Given records START
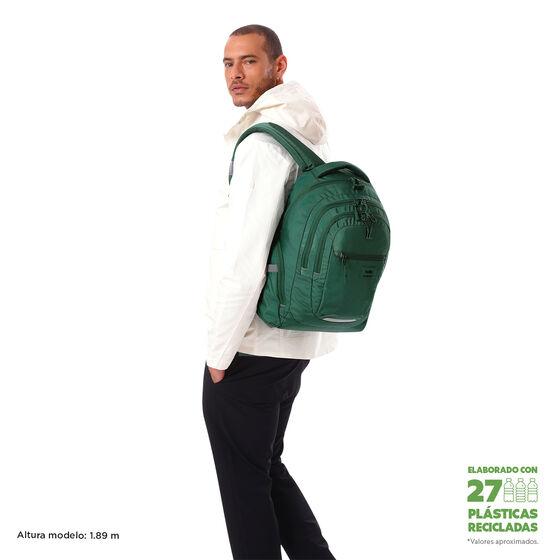 Mochila Eufrates - Silver Pine image number 2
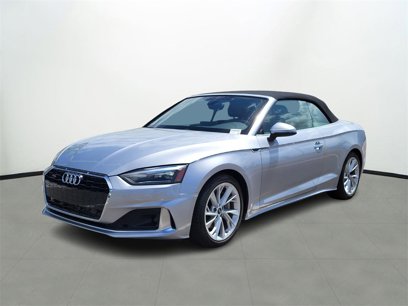 Certified 2022 Audi A5 2.0T Premium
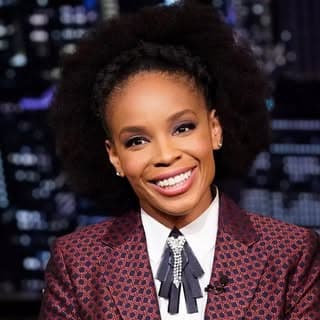 Amber Ruffin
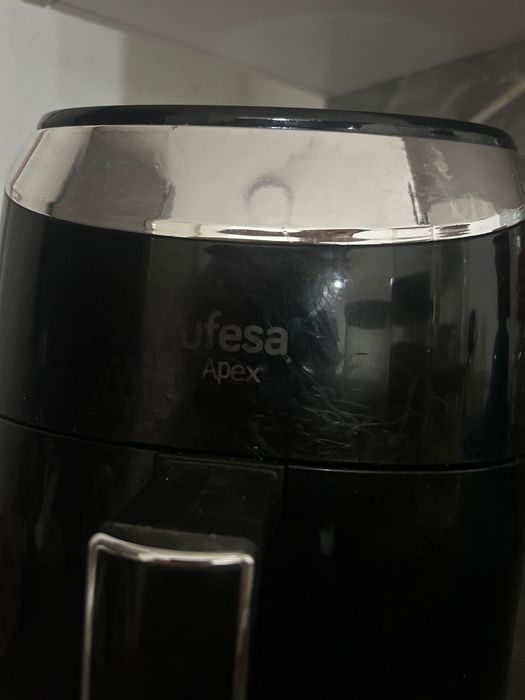 Air fryer ufesa apex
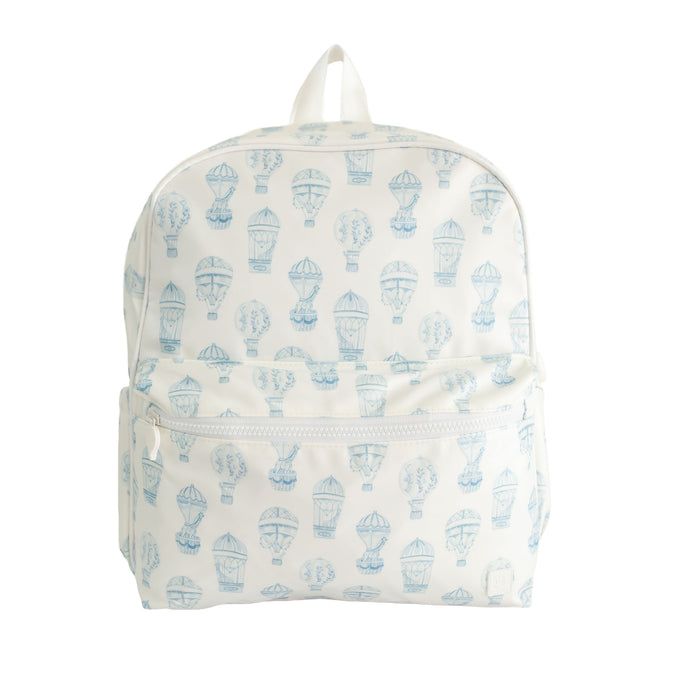 Little Explorer | Backpack (Blue)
Given records END
**What the exercise asks:** Return the listing above unaltered, omitting its pictures.

**Result of the task:**
 Mochila Eufrates - Silver Pine image number 2
 Certified 2022 Audi A5 2.0T Premium
 Amber Ruffin
 Air fryer ufesa apex
 Little Explorer | Backpack (Blue)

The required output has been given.